Mozilla says it used Anthropic’s Mythos model, together with a custom agent harness, to uncover 271 security issues in Firefox over roughly two months. The disclosure, supported by a small set of public Bugzilla reports, highlights a workflow that pairs large language models with deterministic tooling and verification to reduce hallucinations and produce actionable test cases — but it has also reignited debates about hype, disclosure practices, and the shifting economics and risks of AI-assisted security research.
What Mozilla actually did
Mozilla’s security team ran Mythos (and, to a lesser extent, Claude Opus 4.6) against Firefox source files while wrapping the model in a bespoke harness the engineers built. Rather than simply asking an LLM to scan code and generate prose bug reports, the harness gave the model programmatic access to the same build and test tools developers use. That let Mythos iterate: identify a suspect code path, craft a test case or HTML trigger, run it in a sanitizer build, and see whether the process crashed. When the build produced a reproducible failure, the output moved on to additional verification steps before being treated as a real vulnerability.
The harness and the verification pipeline
The key engineering work was the harness: code that instructs the model, exposes read/write access to files, and calls existing Mozilla tools and fuzzers to validate hypotheses. Mozilla’s approach also used a second LLM to grade outputs from the first, creating an automated verification signal that mimics how human reviewers confirm issues. For memory-safety bugs, a clear success signal exists (the sanitizer build crashes), which makes automated verification straightforward. That deterministic signal, combined with tooling that can run and evaluate test cases at scale, is what Mozilla credits for the sharply reduced rate of false positives compared with earlier experiments that produced plausible but hallucinated bug reports.
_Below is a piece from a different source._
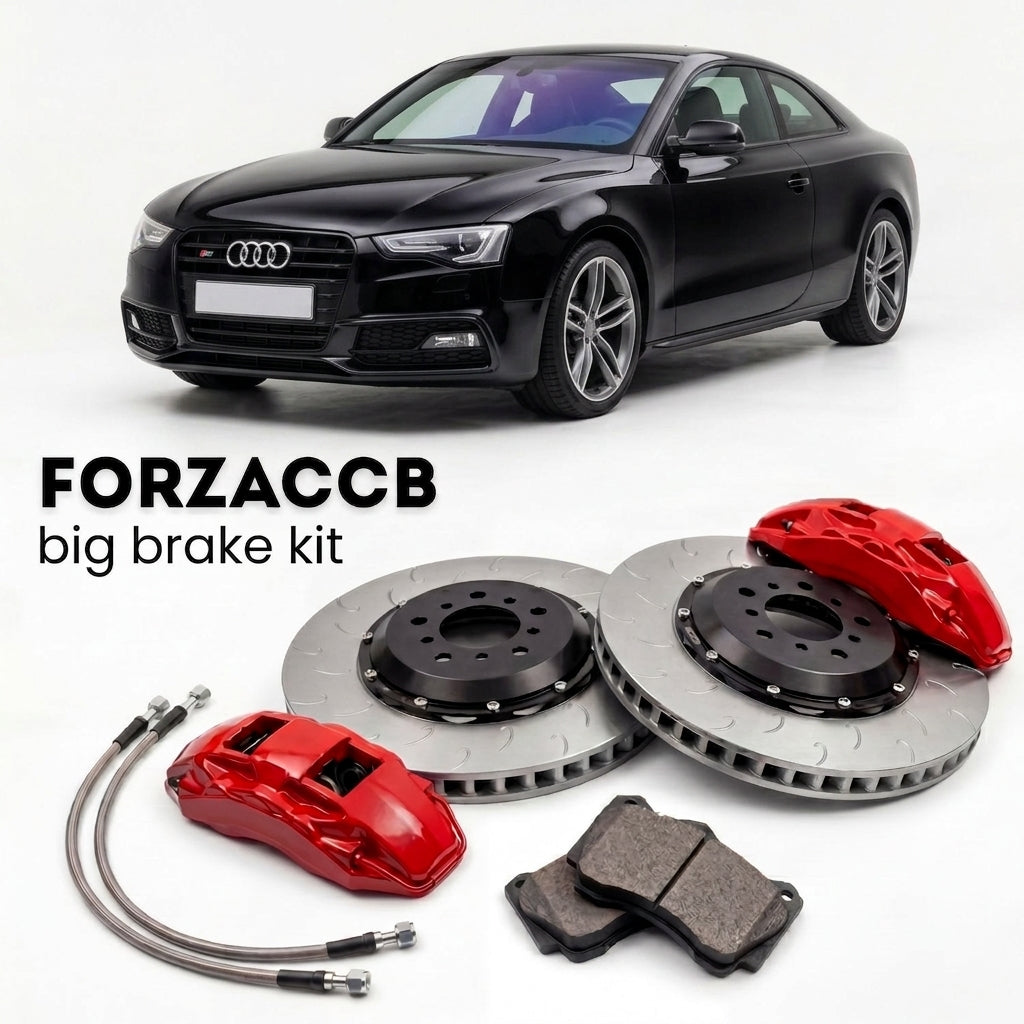 Black Audi S5 8T (2007-2016) shown above a ForzaCCB iron rotor big brake kit with 2x red 6-piston front calipers, 2x two-piece floating ventilated brake discs 380 mm, set of brake pads, and brake lines.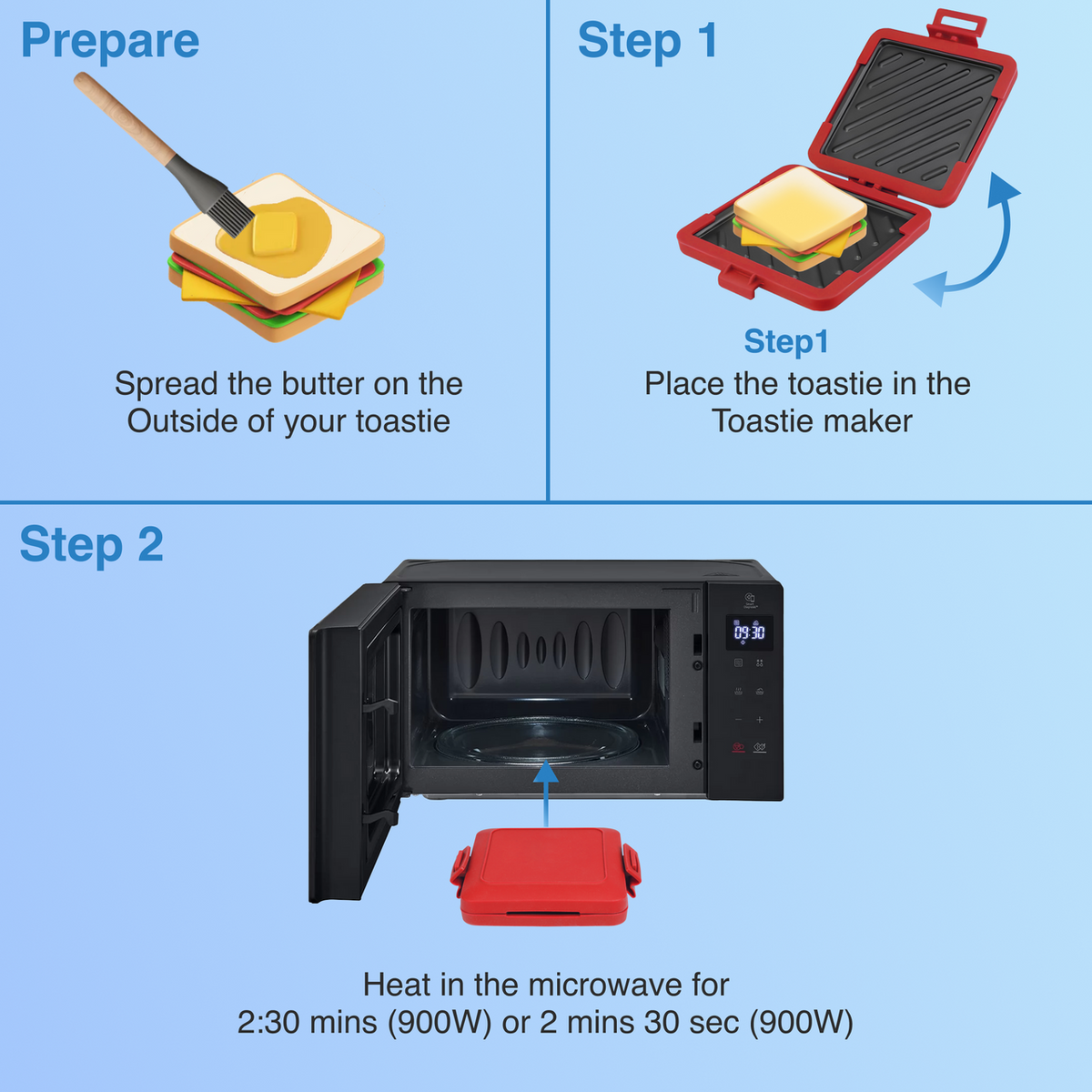 Laser Microwave Toastie Maker with Heatwave Tech Red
The results and how they were categorized
Over the two-month run, Mythos and the harness produced 271 internal security findings. Mozilla says 180 were designated sec-high (vulnerabilities exploitable through normal user behavior), 80 were sec-moderate, and 11 were sec-low. Rather than filing separate CVEs for each internally discovered bug, Mozilla bundles many internal fixes into rollup patches and typically keeps full Bugzilla reports private for a period after fixes land to avoid releasing ready-made exploit information. Mozilla has published a dozen of the Bugzilla reports from this set to provide additional transparency.
Why some experts remain skeptical
Even with published test cases, critics warn of cherry-picking and PR-friendly narratives. Early AI-assisted bug scans produced many human-only triage workloads because models hallucinated details; Mozilla’s harness attempts to address that, but skeptics ask whether the publicized examples are the best-case subset. There are also broader concerns: once tools that can find vulnerabilities at scale exist, malicious actors may use similar techniques. The debate has shifted from “can models find bugs?” to “how cost-effective, reliable, and safely usable are these systems in real-world defensive and offensive workflows?”
Economics, access, and the future of tooling
Practical adoption hinges on cost and accessibility. Running frontier models like Mythos at the token volumes needed to scan large codebases can be expensive; organizations will weigh those cloud and model costs against human engineering time. Some researchers are experimenting with local LLMs or hybrid approaches that may offer more affordable long-term options. Another real question is whether Mozilla will open-source the harness or share implementation details: doing so would accelerate defensive adoption but could also help attackers if release timing and mitigations aren’t handled carefully.
What this means for defenders and attackers
Mozilla’s effort shows a path forward where AI models become productive parts of security toolchains when paired with deterministic verification and engineering around success signals. For defenders, that suggests investments in tooling that makes model outputs testable and automatable are likely to pay off. For attackers, the concern is inevitable: improved tooling lowers the barrier to finding exploitable code at scale. The net effect will depend on how broadly defensive teams can adopt similar verification infrastructures and how responsibly disclosures and tool releases are managed.
Mozilla’s motives and the open questions that remain
Mozilla frames the work as an engineering breakthrough and a public-good demonstration rather than marketing: their stated goal is to spur conversation and adoption of robust, harnessed approaches to AI-assisted vulnerability discovery. But open questions persist: how many false negatives or missed classes of bugs exist, how reproducible the results are across other projects and languages, and whether Mozilla will share the harness code or only further controlled examples. The conversation is likely to continue as other organizations try similar techniques and as attackers respond in kind.